According to Taylor, the first generation of nuclear weapons was the fission weapons like those used by us on Hiroshima and Nagasaki. The second generation was the vastly more powerful thermonuclear weapons, the “hydrogen bombs” that neither we nor anyone else has yet used and that some have come to suspect are unusable because of their size.
The third generation, he said, was nuclear devices that were designed to select out certain of the “several dozen types of energy that are released from an exploding nuclear weapon” and focus them in a particular direction. Ordinary nuclear bombs, like ordinary conventional bombs, do their damage—their “prompt” damage, anyway--more or less equally in all directions. Third generation nuclear weapons would be designed to do their damage in a particular direction. Like a gun. More like an artillery piece maybe.
In 1958, a weapons designer from Los Alamos named Sam Cohen, on a visit to our second weapons design laboratory, Livermore National Laboratory in northern California, got an idea for a nuclear weapon that could produce a big blast of neutrons and focus it in a particular direction. To do this, we wouldn’t need a big explosive yield, it turned out. In fact we would need not to have a big explosive yield--only about the equivalent of one thousand tons of TNT (huge for a conventional bomb but ten to twenty times less than the yield of the first atomic bombs). The device would also need to be exploded high in the air, which meant that its heat and blast wouldn’t do as much damage on the ground as a thousand tons of TNT would on the ground.
The blast of neutrons, even though you wouldn’t feel them when they hit you, would be what did the most damage.
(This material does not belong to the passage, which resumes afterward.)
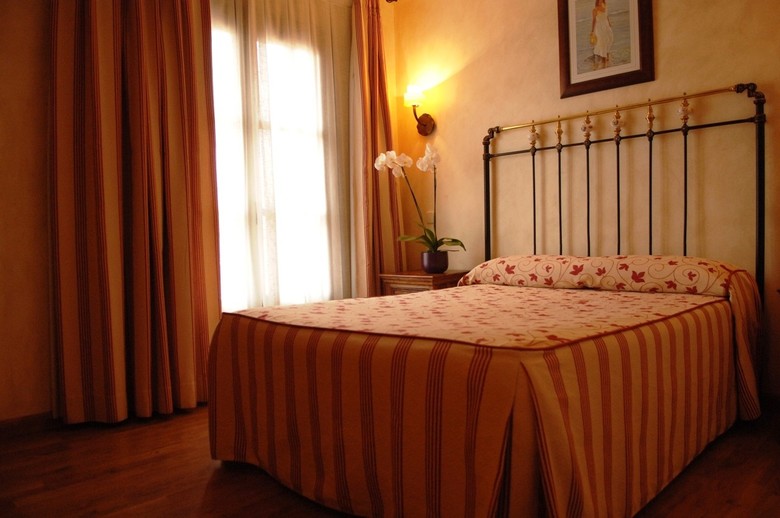 Hotel Hospederia Princesa Elima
Neutrons are always generated in nuclear chain reactions. They are particles from the nuclei of atoms that have no electrical charge and are thus highly penetrating. Within a thousand yards or so from the burst, the neutrons from this new kind of weapon would pass right through most materials (the shells of tanks, say, or the walls of bunkers or buildings) and through the people inside them. The structures, if they hadn’t been affected by the one kiloton blast—would remain intact. But as the neutrons passed through people, they would kill them right away if the dose was powerful enough or, at lower doses, disable or cause them to die later because of damage to their gastrointestinal and neurological systems. The heat and blast damage to structures would be much less severe than for nuclear explosions with bigger yields. The collateral damage to people not specifically targeted—not in the line of fire, so to speak—should also be less widespread.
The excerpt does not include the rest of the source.